Second: I read this book in the bluefire app on my new note 4. This was a first-time experience for me, and mostly because I wasn't given a kindle copy. My reading experience may have been negatively impacted by how incredibly hellish it is to try to read things in .acsm format. Sorry. I hate non-adjustable font sizes and having to slide all over the place to get to the text on every single page. This is an unrelated gripe, but I mention it because it certainly made my reading of a pretty short book a lot slower than it needed to be.
So. Well, look at that cover. The setting and the parody are not exactly kept secret. It's gimmicky, which is fun, especially as you progress through the chapters, accompanied by simple illustrations of furniture items, with inspired names and descriptions. You might not pick up on the entertainment value of some of the names if your knowledge of basic Scandinavian (and even some German) is... not there. One of the furniture pieces is called Kummerspeck, which is a fantastic German term, meaning basically grief bacon - or "excess weight caused by overeating". (Now you know. Unless, of course, you knew it already because you are like me and prone to reading lists of cool and strange words.)
We follow Amy, a young woman through her work day at Orsk, where she earns not-enough-to-pay-the-rent, and has no intention to stay. Not that she intends to go back to college, either. Really, she's not motivated to do much at all, aside from getting her rent paid so she won't be kicked out by housemates whose patience has run out. Her manager is an entirely different kind of person - he cares. He cares about his responsibilities, about the security guidelines, the personnel guidelines and instructions he knows by heart and quotes happily.

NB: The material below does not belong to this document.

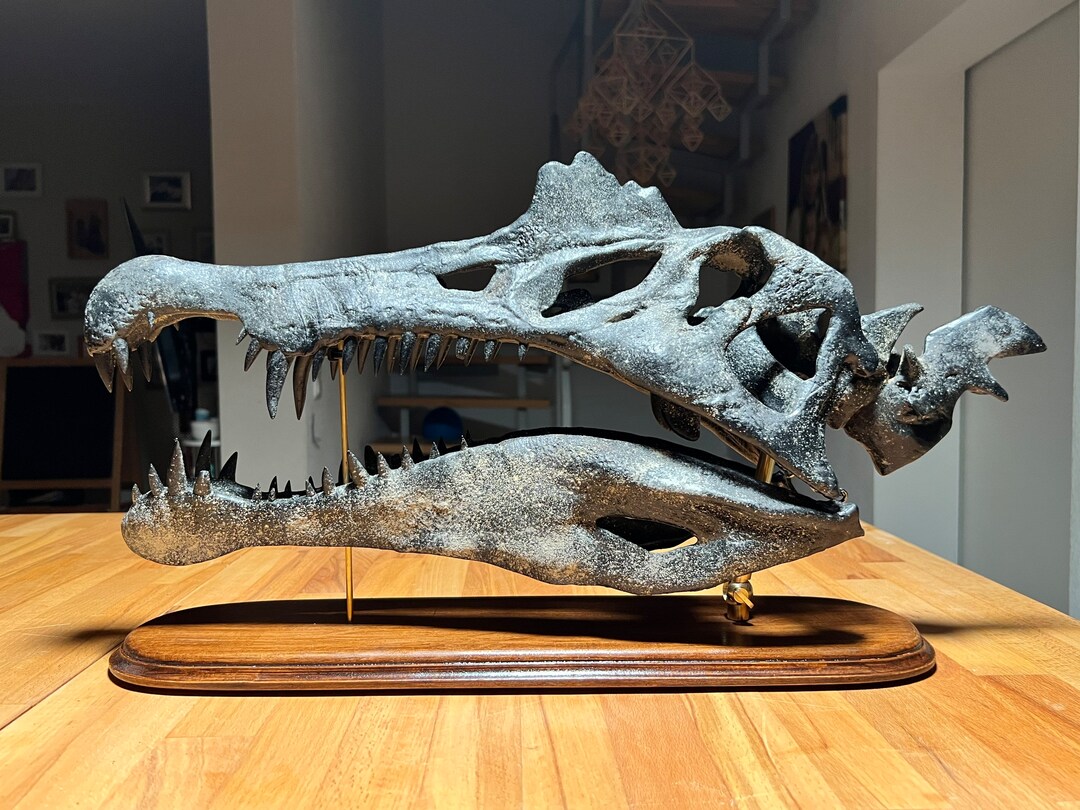 Figurine CollectA Spinosaurus Nageur Deluxe – Mâchoire Mobile, Réaliste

His job matters to him, and he can't lose it, and that's why he has to take care of the emerging problems in the store before his superiors can find out about them and blame him. Of course, he picks Amy to stay after hours to take care of things, and she agrees, because it means a bigger paycheck.

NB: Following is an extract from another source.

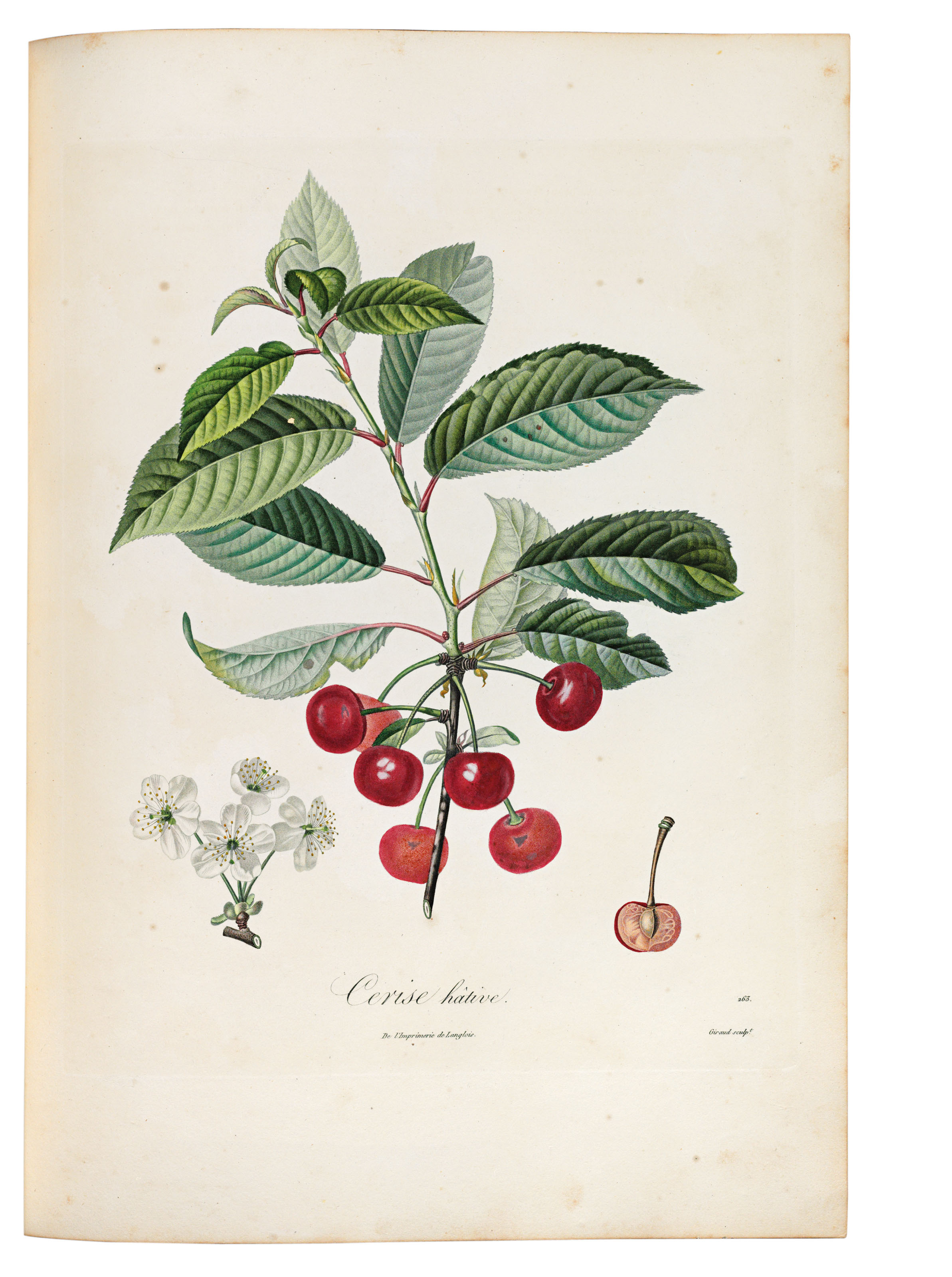 POITEAU, PierreAntoine (17661854). Pomologie Française. Recueil des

Along with a few other characters, they find out Orsk contains a lot more than affordable, practical furniture in pretty showroom arrangements.
The story is nothing very exceptional - it falls a bit flat, which is not really helped by the genuinely funny chapter illustrations - they just make it even more noticeable that the story itself doesn't have the same entertainment value. It's not exactly bad, certainly not bad enough to make this a less perfect gift for a reader with unresolved IKEA issues - but it really does depend entirely upon its gimmick.
Thus - I would not recommend this as a horror. Or even as parody/comedy. This has a very specific audience, and that is the audience who knows what it's like to spend a neverending evening on the floor, assembling shelves or wardrobes out of insanity-inducing flat packages, gradually starting to sweat, as they realise they have to go back to the warehouse and get another THING.
A physical copy of this is probably quite excellent as a gift for that person. Or even for a very enthusiastic graphic designer who might geek out over the conceptiness.